It was Memorial Day weekend 2006. S.O. was away on business, so I could not drag him with me, but at least I had something to do now! I found a friend (N) to board him with. She generously drove with me to pick him up in her trailer. All the way there, I was buzzing with excitement, anticipation, and fear. What if the horse didn't like me? What if he turned out to be secretly crazy? What if he had some mysterious ailment/injury/handicap that would kill him six months from now? The horrible possibilities spun choking webs in my brain. I was stark-raving nuts.

When we turned up at the seller's farm, I turned over my envelope stuffed with a wild array of cash and money orders that I had pulled together the night before. I signed the bill of sale and collected a Coggins certificate. Naturally, Benson had stepped on his own hind foot that day and ripped open his coronet band on his white hind foot. It was bloody with a chunk missing. I choked inside, I think my eyes rolled back in my head as I thought, "See, I told you he would be hurt!" I just wanted him on the trailer and out of there.

After a brief period of uncertainty, Benson agreed to step on the trailer. The seller proceeded to turn out the mare that was his best friend, who then ran up and down the fence calling for him as rocked the trailer in a sudden panic. My heart broke for him and N was in tears for his distress as we pulled out. This wasn't starting well.
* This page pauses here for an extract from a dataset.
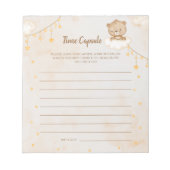 Braun Niedlich Bear Baby Shower Time Kapsel Notizblock (Vorderseite)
But we got him home with no further event, settled into his paddock, and let him inspect the place. "What do you want to feed him," N asked? "Ummmmmmmmm..." I knew nothing about horse feed, aside from the sweet feed we had when I worked at a boarding stable in the mid-90's. N, bless her heart, took over. Feed, amounts, hay, all taken care of. Farrier visit set up to rid us of those terrible shoes.

I was helpless to do anything but hang on the fence and stare. He was mine. Mine mine mine. Finally, no one could stop me from riding him whenever I wanted. I already had a shiny new halter and lead rope.


Grazing on the first day home.

I just needed a new name because "Benson" was horrendous and untenable for this shining hunk of a horse. So he became "Solaris" and in my star-struck eyes, he shone brighter than his namesake and his nickname, "Solo," carried its own hidden meaning: he was and is the cumulation of a lifetime of longing, my one true dream, my sole hope and goal come to fruition.

I drove home to write a name on my brush bucket.